Sembra che i comandi che vanno a modificare il layout non vadano usati e che ci si debba limitare ad utilizzare solo quelli messi a disposizione, o autorizzati esplicitamente, dalla classe in uso perché altrimenti non si hanno garanzie sul risultato (oppure usare pacchetti per quella classe).

Concludo che \pagestyle è un comando generico non contemplato dalla classe report,
mentre \chapter* è definito all’interno della stessa. (È così?)

Infatti: \pagestyle è un comando del nucleo di LaTeX al quale le classi si possono appoggiare per definire i loro stili di pagina, ma che è ovviamente accessibile anche all’utente finale. I comandi di sezione sono definiti dalle classi: per esempio non ce n’è nemmeno uno nella classe minimal.

Allora mi domando, perché la classe book, che vuole essere compatibile con \pagestyle, ha il comando \chapter* “sbagliato”?
Oppure, siccome book mette a disposizione i comandi appositi \frontmatter, \mainmatter, ecc. . ., perché c’è \chapter*? È rimasto da una versione più vecchia per motivi di compatibilità?

All’inizio di LaTeX non c’erano \frontmatter e simili; li introdusse Downes nella classe amsbook, con LaTeX2e vennero aggiunti alla classe book e, purtroppo, non molto usati anche perché il manuale uscì con la seconda edizione parecchio dopo.
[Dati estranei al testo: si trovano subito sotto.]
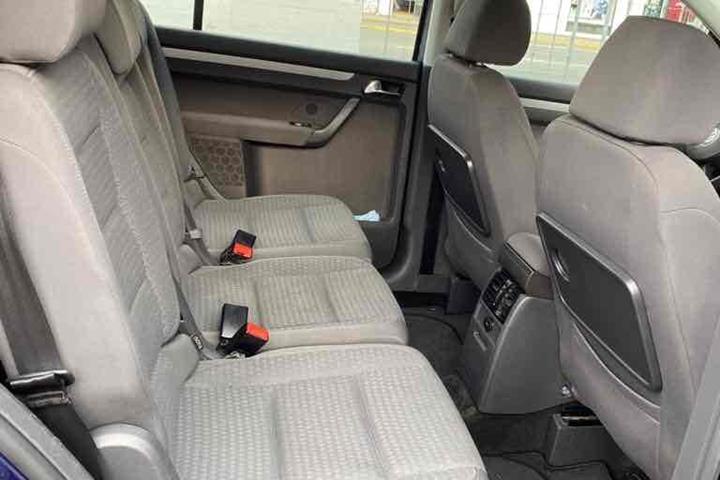 Blå VW Touran fra 2006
Siamo alle solite: considerare “baco” ciò che non si gradisce. La classe report è pensata per rapporti tecnici, nei quali ogni parte importante ha il suo numero. È possibile che qualche parte non abbia un numero, in tal caso la soluzione è di usare \pagestyle{headings} dal momento in cui si vogliono le testatine che non devono esserci nelle parti non numerate. Se prendi una motozappa per curare il giardino di casa ti puoi aspettare qualche problemino con le aiuole delle rose.
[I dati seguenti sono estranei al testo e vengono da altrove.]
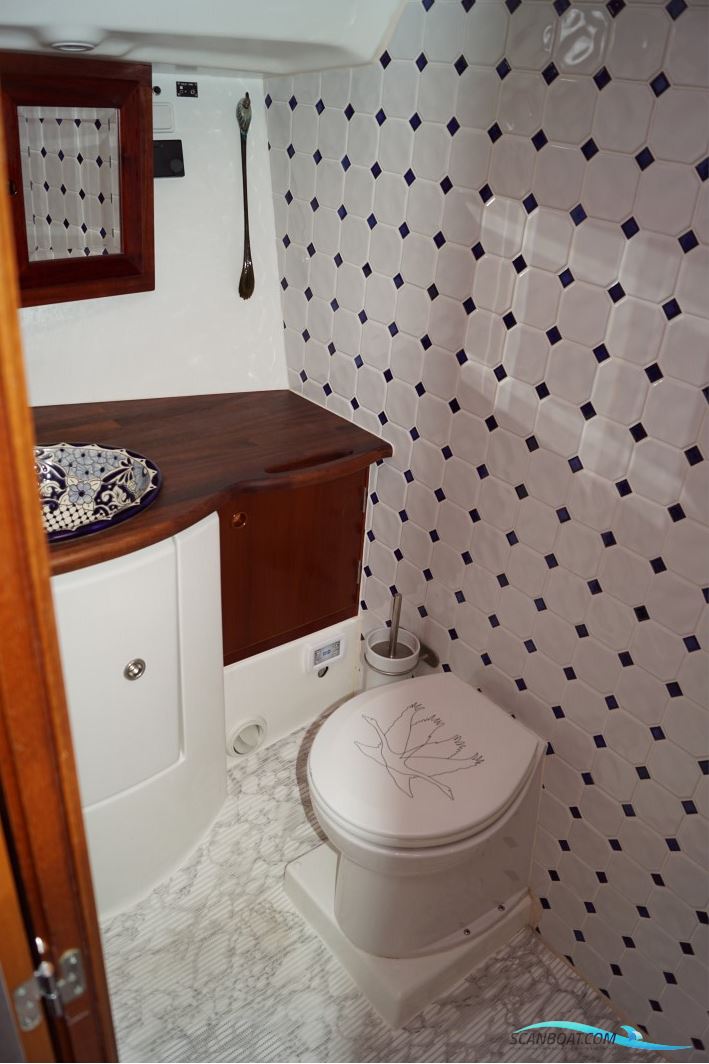 Custom Build 50 Feet Decksalon Yacht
Il vero baco, se proprio vogliamo andare a cercarlo, è nella definizione di \@evenhead e \@oddhead nello stile myheadings, dove \slshape dovrebbe essere sostituito da un comando “generico” modificabile dall’utente. E nell’imposizione di \MakeUppercase per le testatine dello stile headings insieme a \slshape. Lo dico ancora una volta: le classi standard servono solo come classi “generiche”; il vero “baco” è di non averle pensate in modo sufficientemente flessibile. La classe memoir però è un chiaro esempio di dove si deve arrivare se si vuole qualcosa di veramente flessibile: quante pagine ha il manuale? Anche escludendo l’interessante parte “tipografica”, rimane piuttosto massiccio.

Ciao
Enrico

Sono d’accordo. Però per chi vuole usare LaTeX con le classi standard, dovrebbe esserci allora una piccola guida per ogni classe che dica cosa si può fare.
La documentazione ufficiale, credo classes.dvi, è sostanzialmente il commento dei codici delle classi e basta.

Sbaglio?

La documentazione c’è, nel manuale di Lamport. Anche nella “Not so short guide”, credo.